# EXERCISE INSTRUCTIONS:
In the listing below, find the line containing "CABALLETE / ESTRIBERA para Yamaha DT125 1989" and the line containing "bugatti Regular Fit", then copy exactly everything from the first through the second, except the pictures.

START EXERCISE MATERIALS

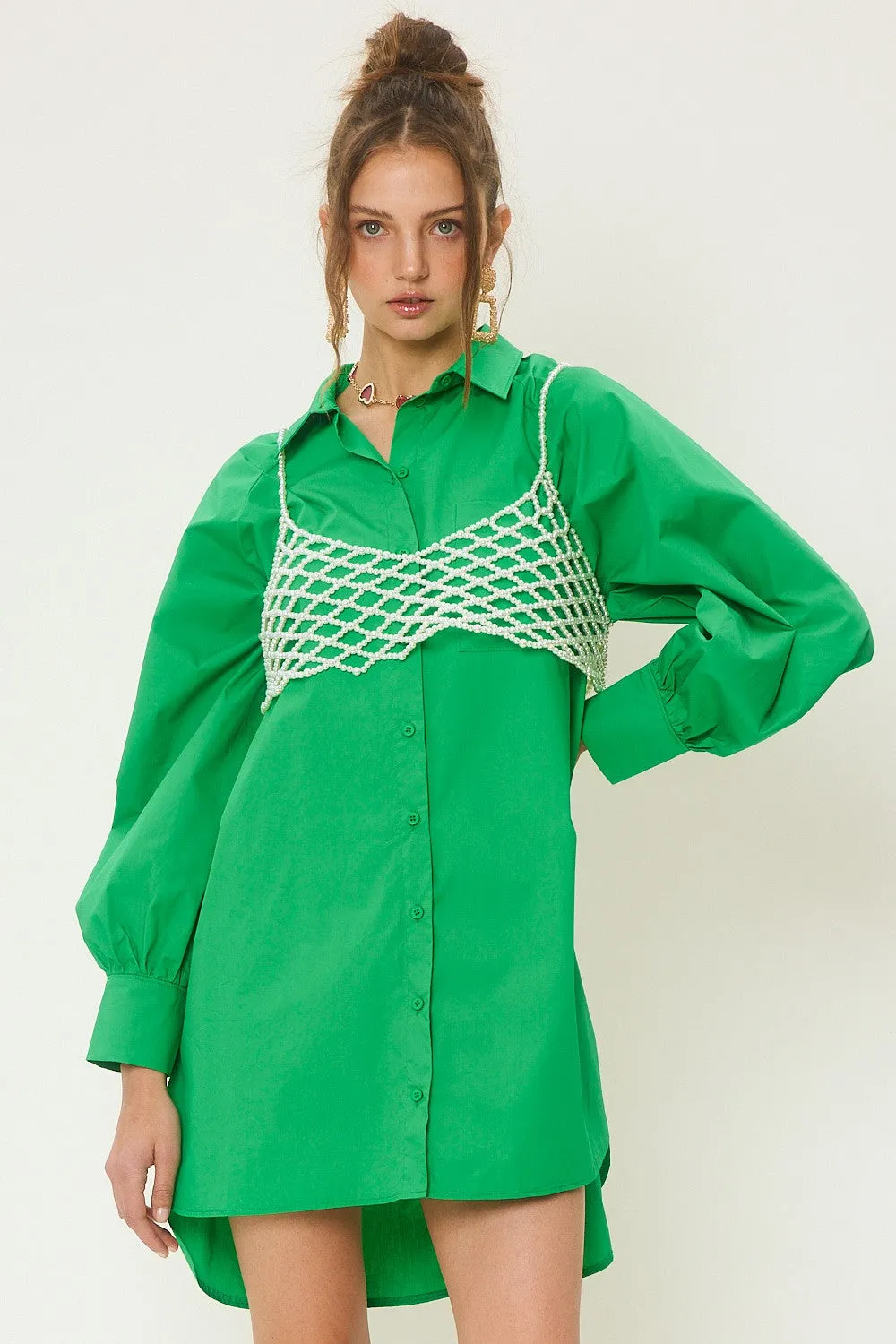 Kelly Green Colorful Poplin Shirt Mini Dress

END EXERCISE MATERIALS
START EXERCISE MATERIALS

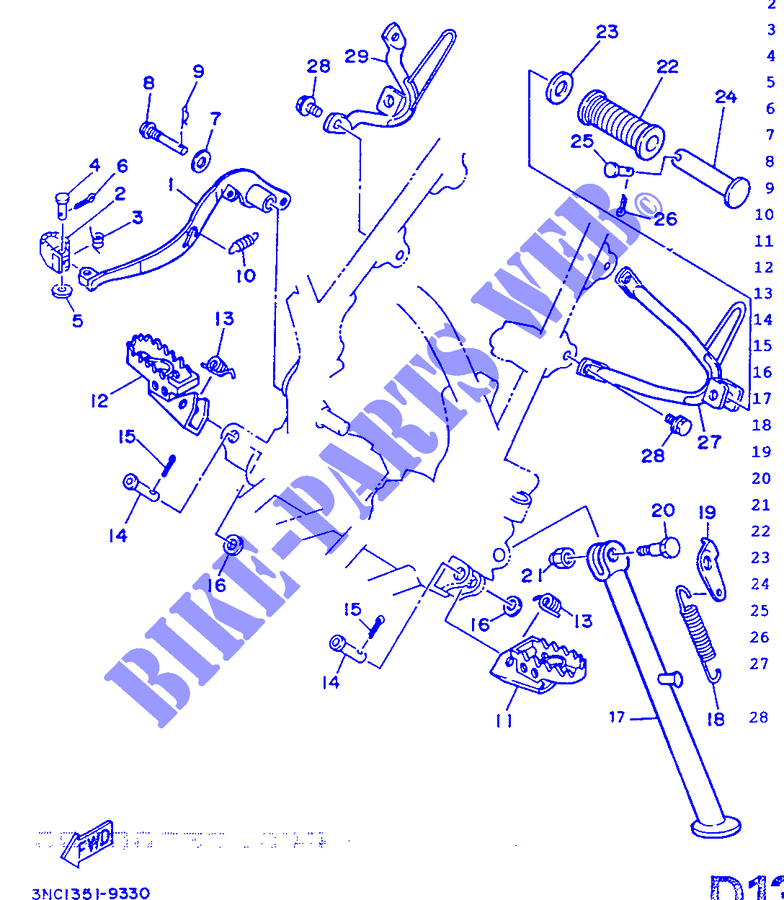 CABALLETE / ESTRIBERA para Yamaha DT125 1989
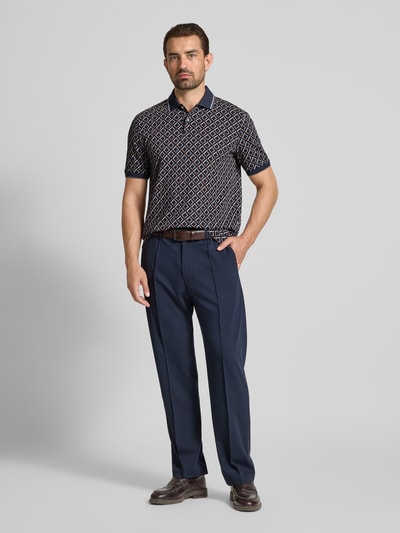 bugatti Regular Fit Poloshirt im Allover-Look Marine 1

END EXERCISE MATERIALS
START EXERCISE MATERIALS

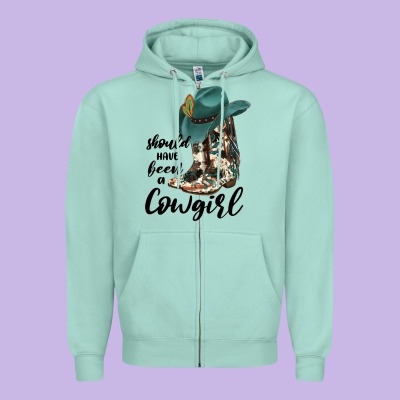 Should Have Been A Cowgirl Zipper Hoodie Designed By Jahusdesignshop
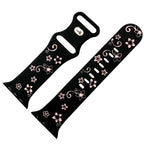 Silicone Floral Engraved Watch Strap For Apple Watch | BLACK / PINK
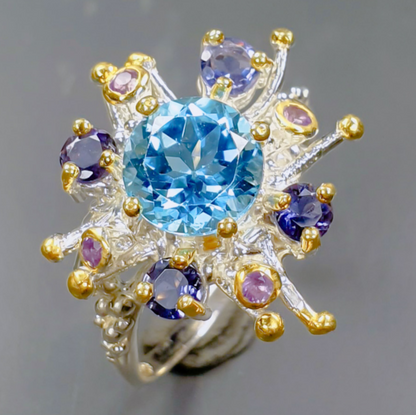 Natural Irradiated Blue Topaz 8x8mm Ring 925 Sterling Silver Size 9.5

END EXERCISE MATERIALS

# SOLUTION TO THIS PROBLEM:
 CABALLETE / ESTRIBERA para Yamaha DT125 1989
 bugatti Regular Fit Poloshirt im Allover-Look Marine 1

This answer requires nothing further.